Walt Disney is such an enormous figure in Hollywood and such an important person in the world of animation that it would be impossible to do justice to his legacy with one blog. I am convinced he is the most creative filmmaker in the world and nearly every one of his quotes is observant and intelligent. He has also accomplished more in his career and has conquered more mediums than any other producer.

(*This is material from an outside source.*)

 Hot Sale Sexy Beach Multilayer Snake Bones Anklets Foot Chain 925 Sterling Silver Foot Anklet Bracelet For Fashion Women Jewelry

It is a challenge to talk about him because he has already been covered by everyone else countless times before. Many of my closest followers on social media are film fans (my people!) and are well-versed in Disney’s life. Therefore I will do my best to mix fact with personal opinion just to keep it original. Throughout these chronicles I will highlight the important moments in the Disney studio’s history, each blog separated by decade, and by the end I will reveal why I think this studio is still the number one studio in Hollywood.

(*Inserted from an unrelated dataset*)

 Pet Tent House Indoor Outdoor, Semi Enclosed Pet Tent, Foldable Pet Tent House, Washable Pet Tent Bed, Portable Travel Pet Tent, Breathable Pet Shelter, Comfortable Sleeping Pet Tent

Walt Disney was born on December 5, 1901 in Chicago but he moved to Kansas City, Missouri when he was ten. He got introduced to cartooning when people paid him to draw things for them, but he eventually started drawing just for fun. He loved drawing so much that he copied the cartoons from the newspapers.

His friends introduced him to Vaudeville, helping shape his sense of crowdpleasing entertainment. His father made him wake up at 4:30 am to deliver the paper for six years (makes my childhood seem lazy) helping shape his work ethic, and his fascination with trains can even be traced back to his childhood because he lived right next to the train track.

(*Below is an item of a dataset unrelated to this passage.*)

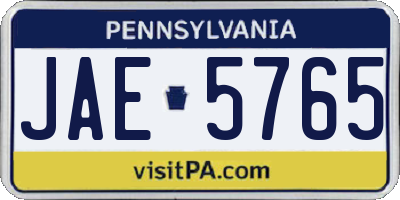 PA license plate JAE5765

He studied at the Kansas City Art Institute, taking night courses at the Chicago Academy of Fine Arts. He was the cartoonist at his high school newspaper drawing patriotic pictures about the war. When he enlisted in 1918, he was even the cartoonist for the army’s newspaper.

When he returned to Kansas City in 1919, he drew advertisements for commercial art studios. He eventually started his own studio with his financially savvy brother Roy O. Disney and studied animation by borrowing books on the subject. Newman Theater hired Disney to make Newman’s Laugh-O-Grams. Most of these were unoriginal and uninspired fairy tale cartoons, but the Laugh-O-Grams were popular enough that Disney could start his own studio. He worked with fellow Kansas artists Ub Iwerks, Hugh Harman, Rudolph Ising and Friz Freleng.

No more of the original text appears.